*** Block opens ***

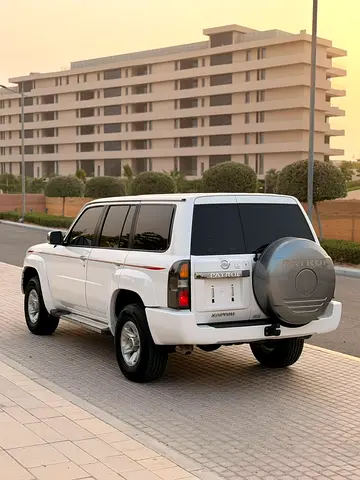 2016 Nissan PATROL SAFARI — миниатюра 4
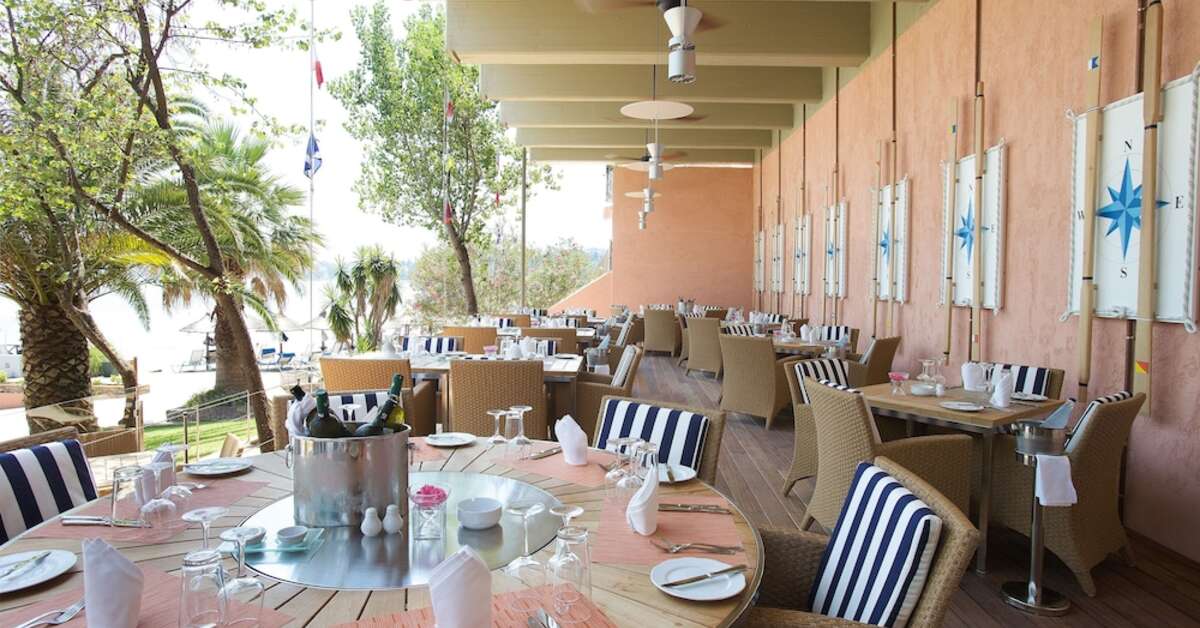 Een foto van het terras bij Kontokali Bay Resort & Spa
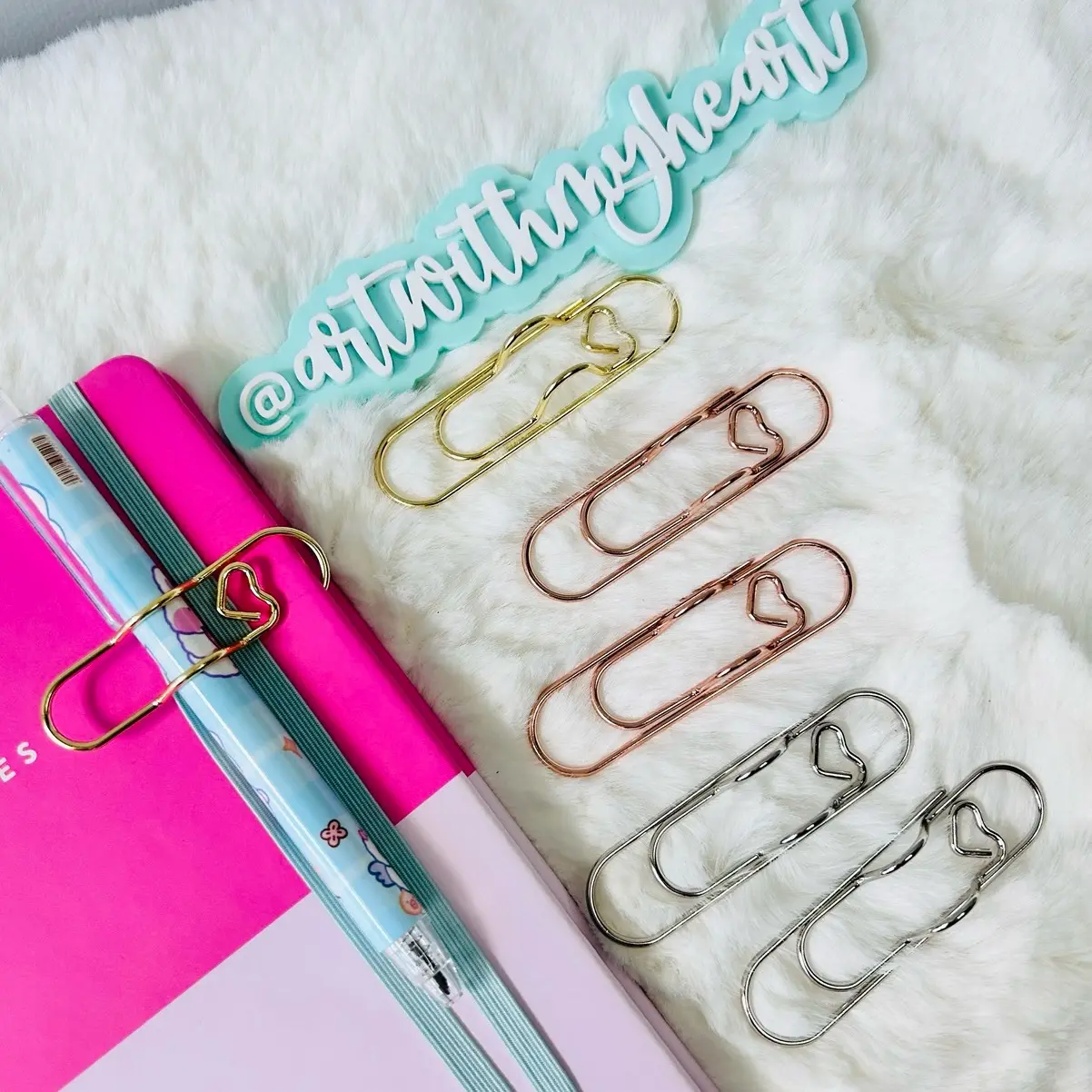 Metal pen clip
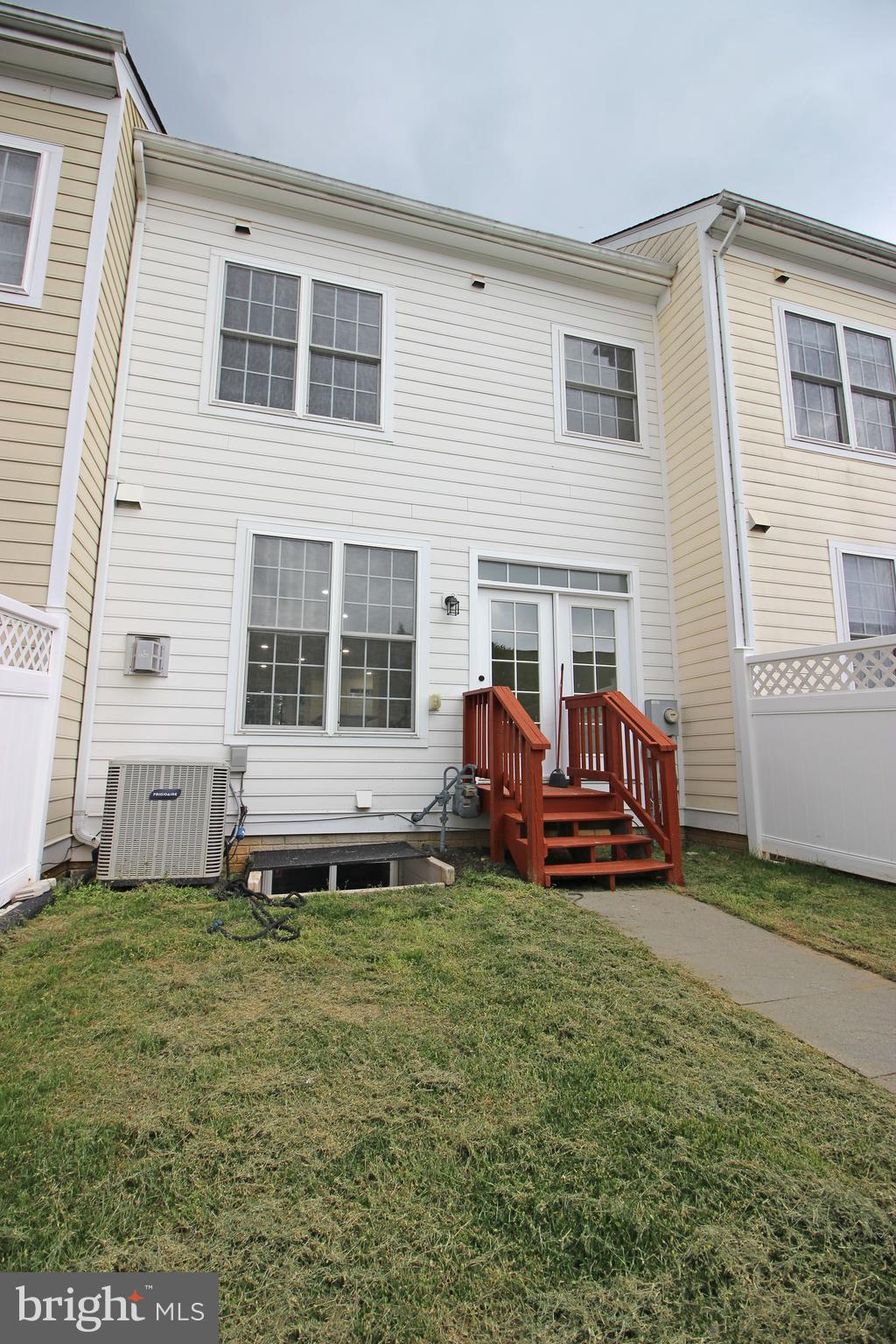 VILLAGES OF URBANA - Residential Lease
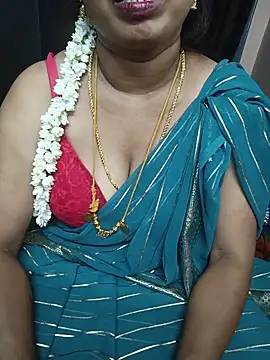 Snapshot of Madhusri_Tamil_Telugu chatting on June 2026 04:55:01 PM Madhusri Tamil Telugu online show from June 2026 04:55:01 PM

*** Block closes ***

### Task directions:
Exclude the pictures and write out exactly the lines from the one holding "VILLAGES OF URBANA - Residential Lease" through the end of the entries, inclusive, and only those.

### Result of this task:
 VILLAGES OF URBANA - Residential Lease
 Snapshot of Madhusri_Tamil_Telugu chatting on June 2026 04:55:01 PM Madhusri Tamil Telugu online show from June 2026 04:55:01 PM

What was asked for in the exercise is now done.